Knot theory is one of those things in contemporary mathematics which seems to have it all. First and foremost, it is of course serious mathematics. But it has so many other things going for it. It is seductive due to its objects of study being visualisable (at least for the less rococo knots in this game: any one can draw a trefoil and is easily led to believe he can draw nastier knots, too — and sometimes this is true). It is connected to all sorts of wonderful other mathematics. And it has begun to exhibit a dramatic amenability to applications to the sciences and even to engineering, to the extent of attracting even distant outsiders. Additionally, as far as visualizing what goes on in the nastier parts of knot theory is concerned, the revolution in computer graphics has of course opened all sorts of doors to perception (with apologies to Aldous Huxley), and in point of fact the book under review is a fine example of this feature: the artwork is wonderful, and this holds also regarding the book’s more prominent focus, *viz.* another element of low-dimensional topology: embedded graphs.

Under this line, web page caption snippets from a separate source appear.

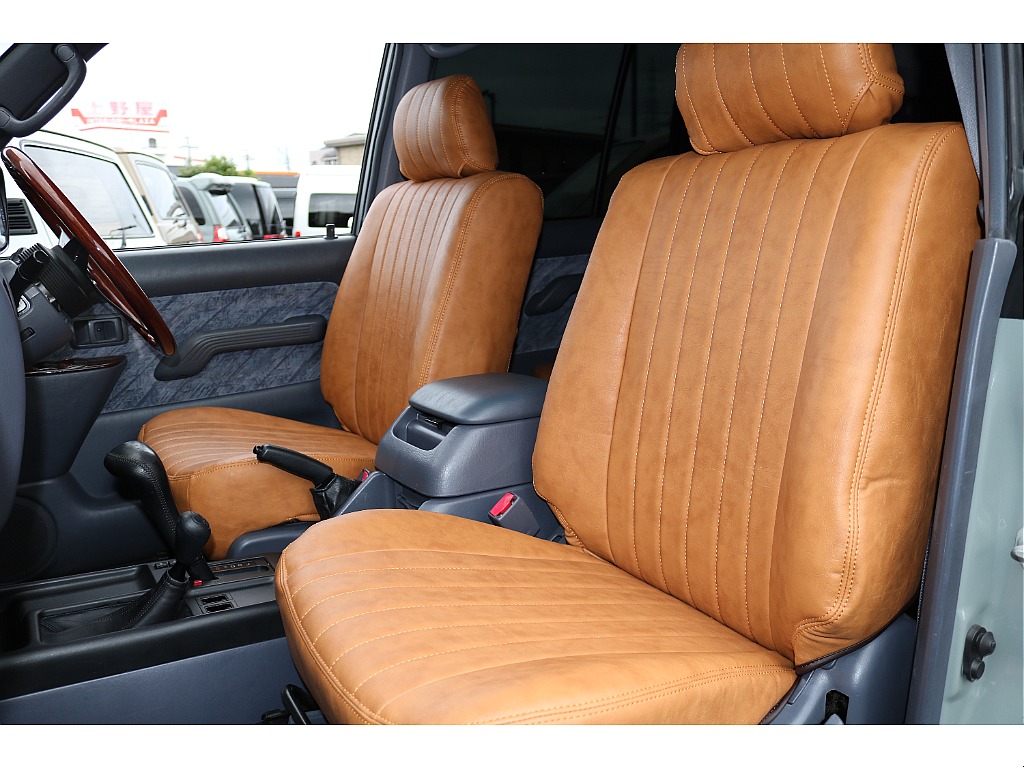 1998 Toyota Land Cruiser Prado 90 
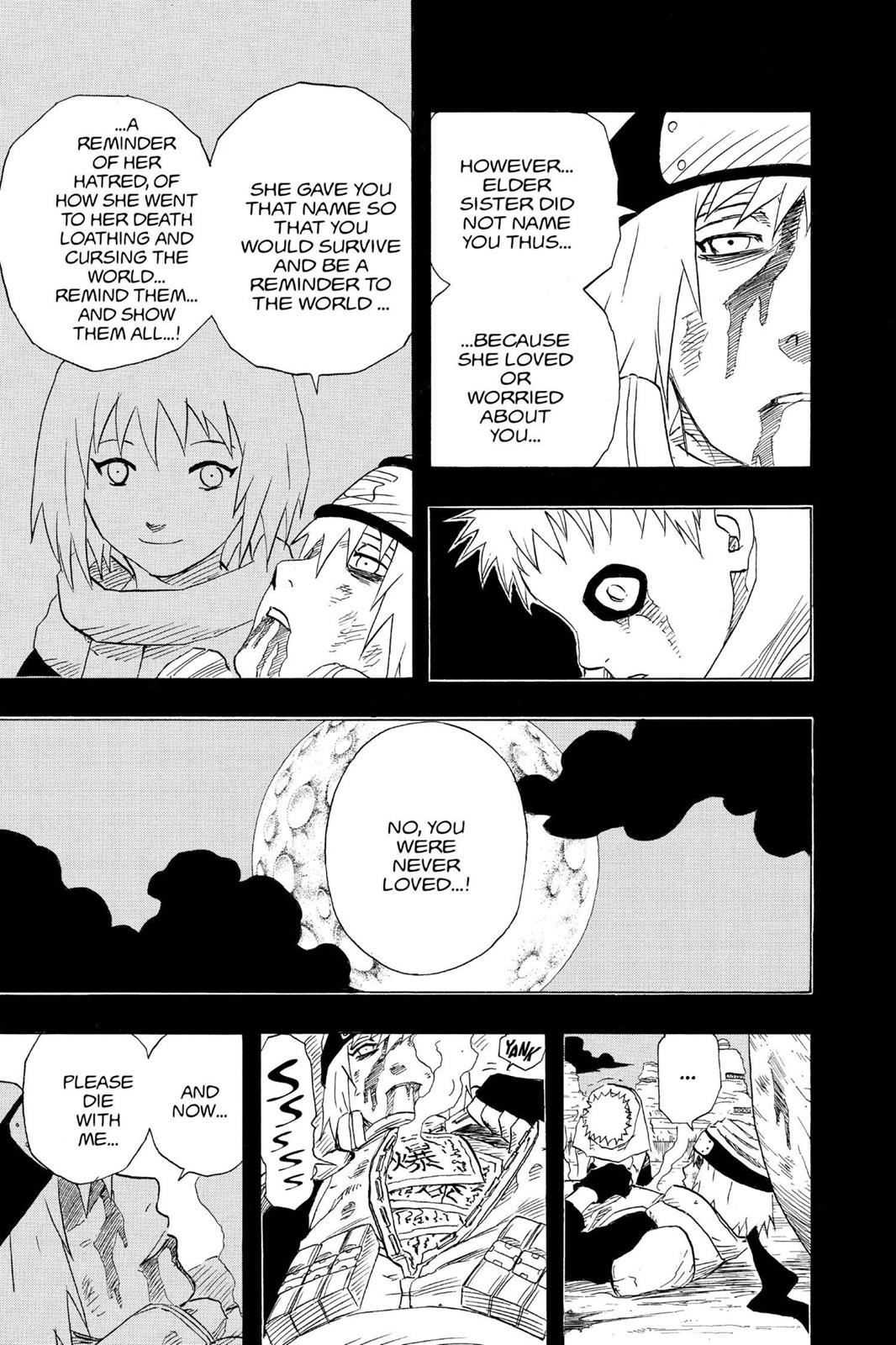 Naruto Chapter 131 — page 9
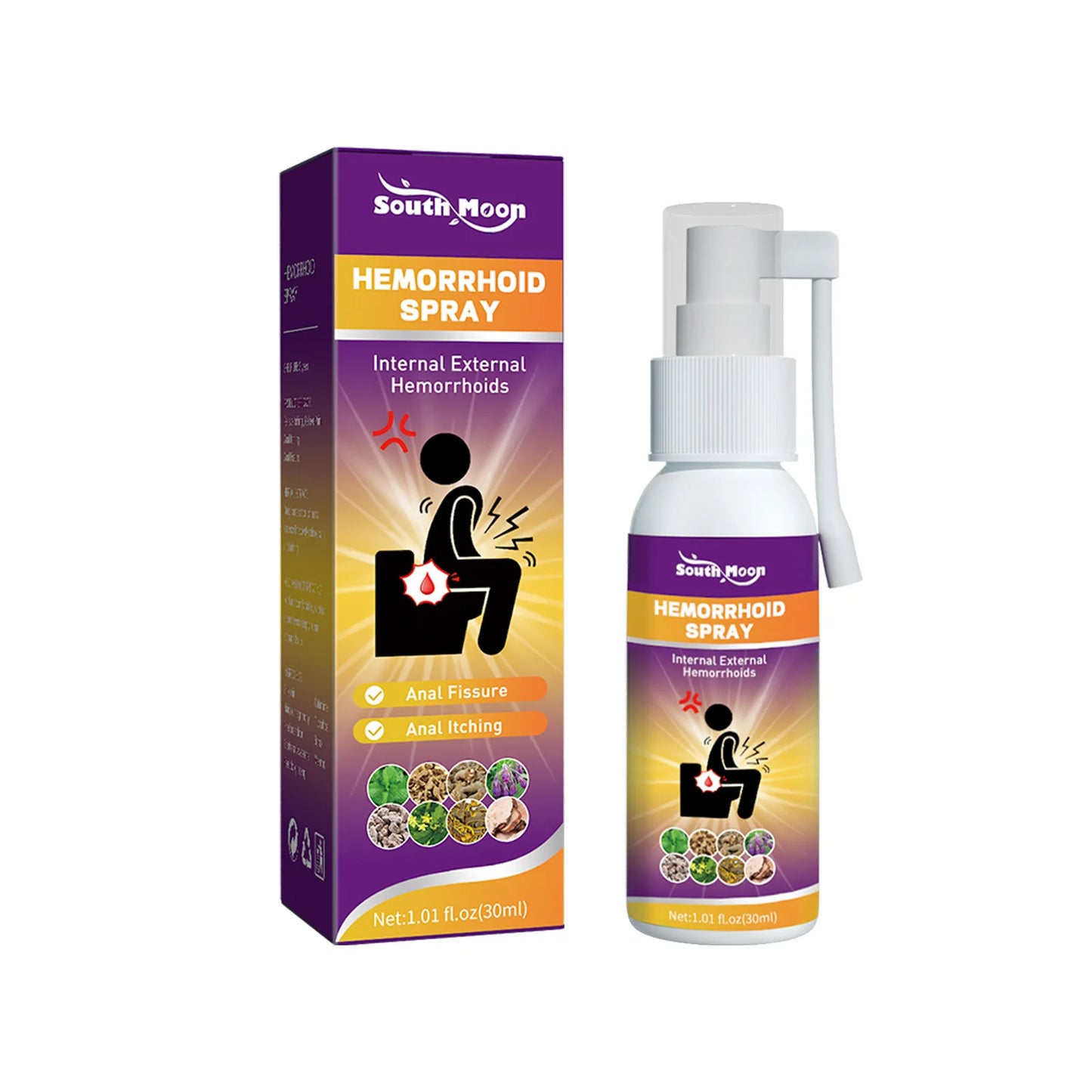 HemoCure Aambeien Spray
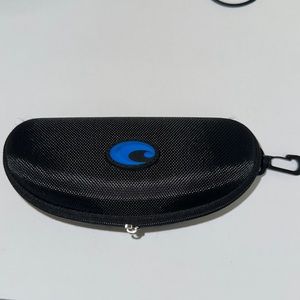 Costa Sunglasses Case and Cloth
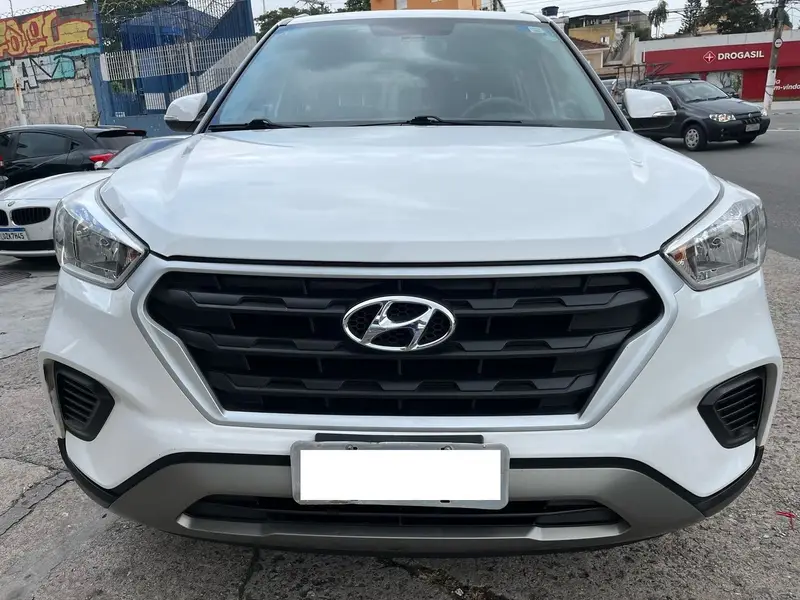 Hyundai Creta Attitude 1.6 (Flex)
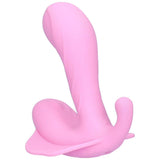 Discreet Wearable Vibrator for Couples Play & Solo Pleasure - Sexdoll.Sex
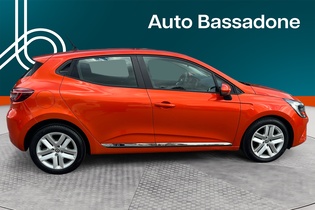 Renault Clio vaihtoauto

It is actually the case that knot theory *per* *se* only makes it appearance toward the end of the book, in the fifth chapter, while the preceding four chapters are concerned with embedded graphs, dualities, and graph polynomials. But this all fits with the authors’ goals which explicitly include to “[illustrate] the interdependency between duality, medial graphs, and knots; how this interdependency is reflected in algebraic invariants of graphs and knots; and how this interdependency can be exploited to solve problems in graph theory and knot theory.”

Thus, *Graphs on Surfaces: Dualities, Polynomials, and Knots* deals integrally with another mathematical discipline which, however, has not (yet?) enjoyed the quite the same level of air-play that knot theory has begun to enjoy: graph theory as a part of, in the broad sense, combinatorics. To be sure, what with the advent of ever-more-sophisticated computing, graph theory has also begun to undergo dramatic evolution, but it does not yet sport the same extramural connections that knot theory has. This said, however, it is worth noting that (as per their university web-pages) the authors include in their interests such things as graph theory in the design of computer chips and in biology, so the game is certainly afoot.

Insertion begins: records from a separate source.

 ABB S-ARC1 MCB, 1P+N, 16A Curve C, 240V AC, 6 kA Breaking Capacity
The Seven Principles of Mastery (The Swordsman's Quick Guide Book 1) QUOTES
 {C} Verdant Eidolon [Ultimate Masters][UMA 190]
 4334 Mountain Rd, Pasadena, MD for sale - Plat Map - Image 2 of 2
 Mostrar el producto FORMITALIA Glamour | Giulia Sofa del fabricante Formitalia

In any case, both of the book’s foci, graphs and knots, are occasions for very nice mathematics, and the authors have composed a very interesting and valuable work. It’s not for raw beginners: the authors recommend studying *Topological Graph Theory *by Tucker and Gross, or *Graphs on Surfaces* by Thomassen and Mohar as a prerequisite, and it is clearly indicated that the reader should have some knowledge of knot theory, too — in this area the choices are many and varied, of course, but here are a quasi-random three: *Knot Theory* by Livingston (an MAA book), *An Introduction to Knot Theory *by Lickorish, and *Knots, Links, Braids and 3-Manifolds: An Introduction to the New Invariants in Low-dimensional Topology* by Prasolov.

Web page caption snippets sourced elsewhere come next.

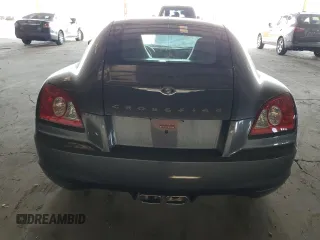 2005 Chrysler Crossfire Limited z VIN 1C3AN69L75X035501, wystawiony jako Copart lot #52450755 z przebiegiem 71 051 mil mil oraz Tytuł czysty. Historia ofert i sprzedaży dostępna na DreamBid. Obrazek 6.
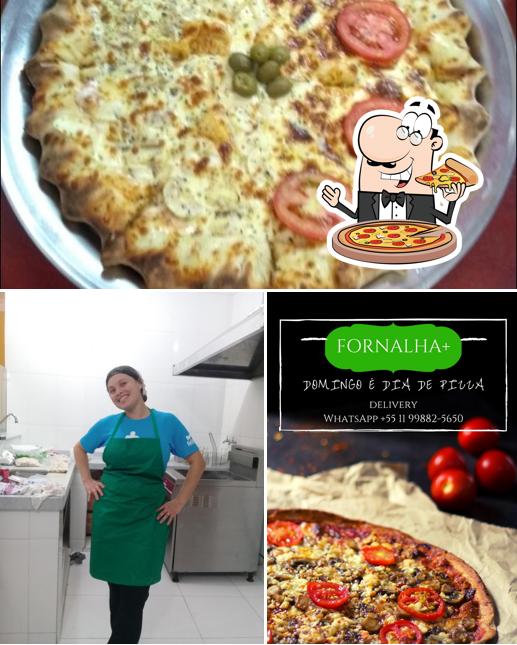 Fornalha Mais Sua Casa de Gostosuras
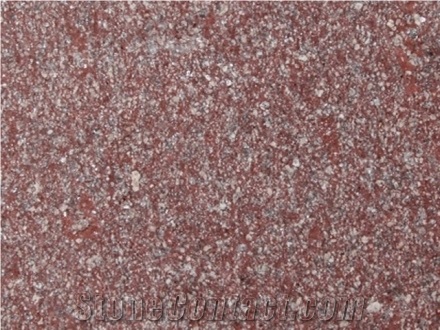 Porfiro Rosso Tiles, Porphyr Red Granite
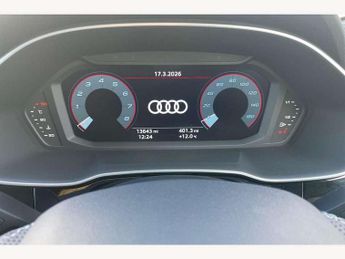Audi Q3 35 TFSI S Line 5dr S Tronic [Leather]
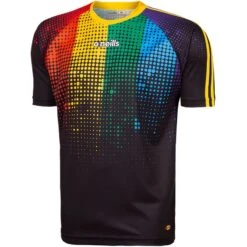 Pride Rainbow Dot Jersey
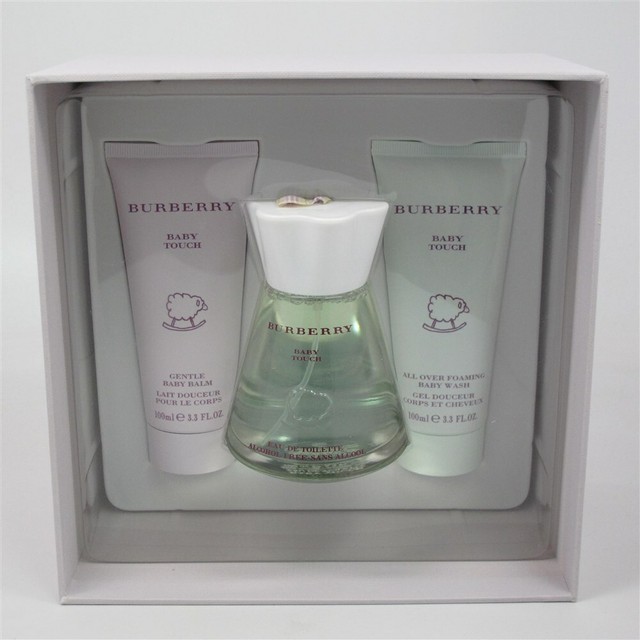 burberry perfume baby touch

For properly prepared readers, however, the book under review is the occasion for all sorts of fun including the inner life of ribbon groups, Tait graphs, Penrose polynomials, Tutte polynomials, and of course Jones polynomials and HOMFLY polynomials. This is fascinating mathematics, presented in a clear and accessible way.

Michael Berg is Professor of Mathematics at Loyola Marymount University in Los Angeles, CA.